If, for all actions, The Adversary can come up with a plausible account of how it will end badly, then the agent can't act. But by adding to the training data, we can force Adversaryland to respect the fact that some courses of action have been found to be fine. I showed in this paper that if a pessimistic agent has a mentor, it will achieve at least mentor-level performance. So pessimism is perfectly compatible with competent goal-seeking, even in a stochastic environment. (That paper also proves safety results for an idealized pessimistic agent along the lines of the safety cases above, if one prefers formal arguments.)

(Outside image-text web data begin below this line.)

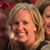 Mary Billo's profile image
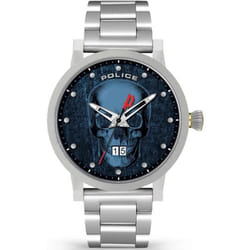 Montre Police pour Homme PL15404JS.03MA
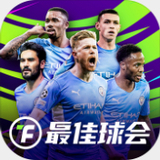 b0b体育半岛官网平台下载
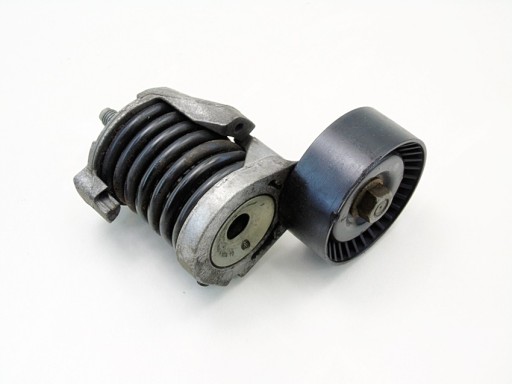 RIEMENSPANNER 2.0 i BMW N43 E60 E61 E90 E91 E92 E93 E81 E82 E88 E87
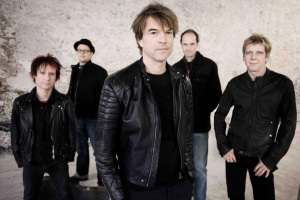 Die Toten Hosen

I think a promising avenue to reducing the costs of pessimism is to only be pessimistic about certain things, while being otherwise risk neutral. For example, if one has a dataset of truths and lies, one can be pessimistic about the question "Am I telling a lie right now?" and stay on the safe side. At the same time, one can stay risk-neutral on the question of whether God hates people who take ferries on Tuesdays.
We can also reduce the costs of pessimism by searching for ways to encumber the bad models with complexity--as some ELK proposals do--and then reduce the amount of pessimism. If an agent is not too pessimistic, then the possibility of God hating people who take ferries on Tuesdays could be placed out of reach of The Adversary, by virtue of the complexity of a world-model that implements this.
Finally, if pessimism does end up hampering an agent too much, this would be a graceful failure, rather than a catastrophic one.